Wellness trends 2021: from fish-less fish to telemedicine
The products, activities and services an increasingly health-conscious world will turn to this year
As the year kicks off, well-being is at the forefront of everyone’s minds. The pandemic has proved that optimum mental and physical health isn’t a choice, but a goal we must work towards and maintain. So it’s no wonder that despite gyms being closed for a portion of the year, many in the UAE have shown a renewed focus on their health. A Fitbit survey of more than 1,000 people in the Emirates in August found that 66 per cent felt they’d developed healthier habits during the pandemic, including sleeping longer, eating better and being more active.
Here’s a look at some of the other wellness trends we can expect to see more of as the year progresses.
Covid-19 shone a spotlight on the importance of a strong immune system, with many seeking out everything from ginger, honey and turmeric to immunity-boosting shots, a trend that is likely to spill over well into this year.

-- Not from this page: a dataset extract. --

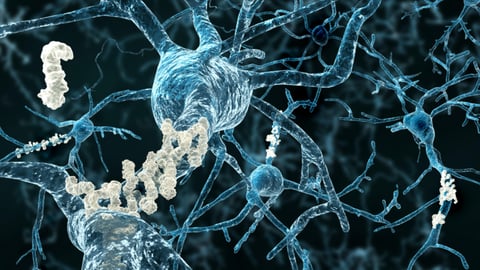 Plaques d'amyloid fixées sur des réseaux neuronaux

Eda Gungor, founder of Seva Experience, says there has been something of a value shift, with ingredients classically reserved for restaurants now taking pride of place in people’s homes. “Immune-boosting and supporting supplements stand out, and we witnessed the likes of medicinal mushroom extracts and anti-inflammatory natural ingredients becoming common household ingredients,” she says. “Fermented and cultured foods such as kombucha and kimchi, which support gut and microbiome health, a cornerstone for immunity, also became mainstream.”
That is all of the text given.